'''

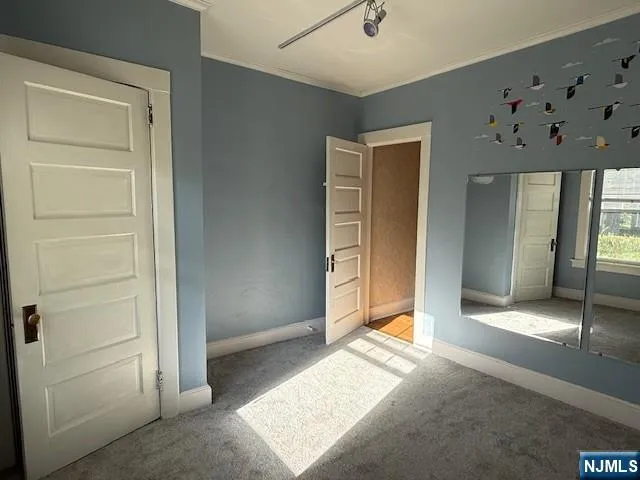 wooden floor and window in a room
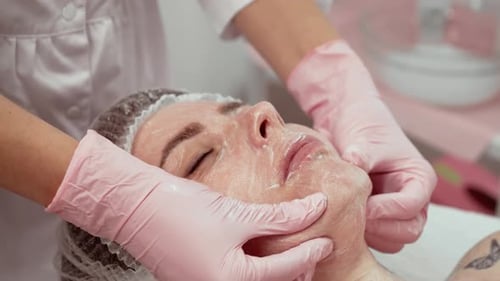Beautician Performing Facial Massage As Part of Beauty Procedures in Cosmetology Clinic Skincare
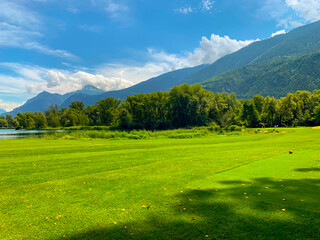 Golf Course with Mountain View and Clouds in a Sunny Summer Day in Granges, Valais in Switzerland.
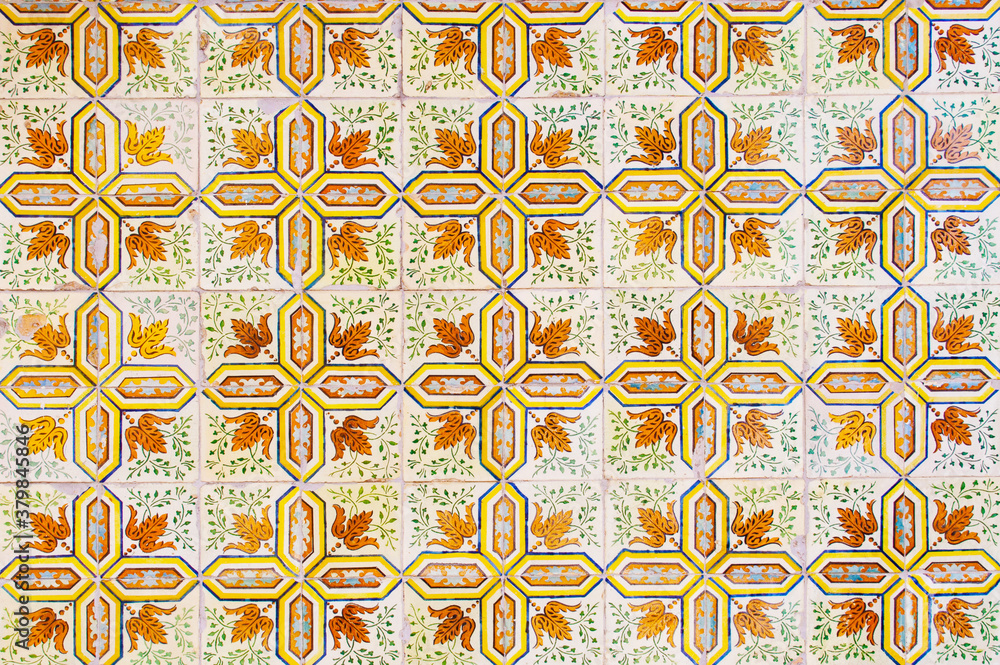 Detail of the traditional tiles from facade of old house. Decorative tiles.Portuguese traditional tiles. Floral ornament. Detail of the traditional tiles from facade of old house. Decorative tiles.Portuguese traditional tiles. Floral ornament.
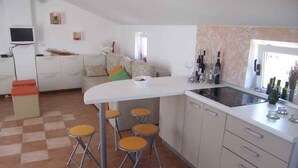 A compact kitchen with a white countertop, four stools, and a dining table. - Studio with sea view and air conditioning. (Rovinj)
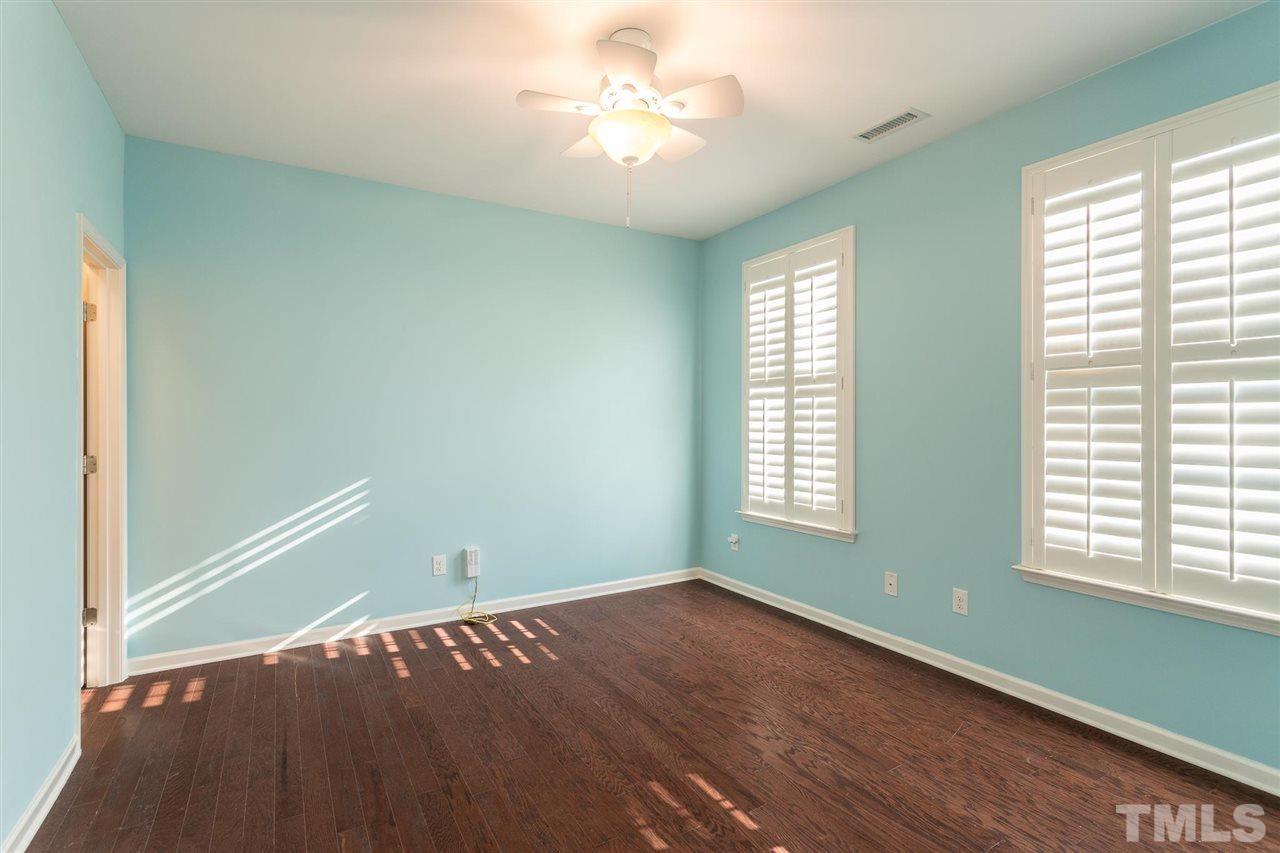 1100 Ileagnes Road Raleigh, NC 27603 - Photo 10 of 22 a view of room with window and ceiling fan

'''

What is needed is an exact copy of the lines above from the one with "Floral ornament. Detail" to the one with "A compact kitchen", both ends kept, and nothing more; please leave the pictures out.

• **PROBLEM SOLUTION**
 Detail of the traditional tiles from facade of old house. Decorative tiles.Portuguese traditional tiles. Floral ornament. Detail of the traditional tiles from facade of old house. Decorative tiles.Portuguese traditional tiles. Floral ornament.
 A compact kitchen with a white countertop, four stools, and a dining table. - Studio with sea view and air conditioning. (Rovinj)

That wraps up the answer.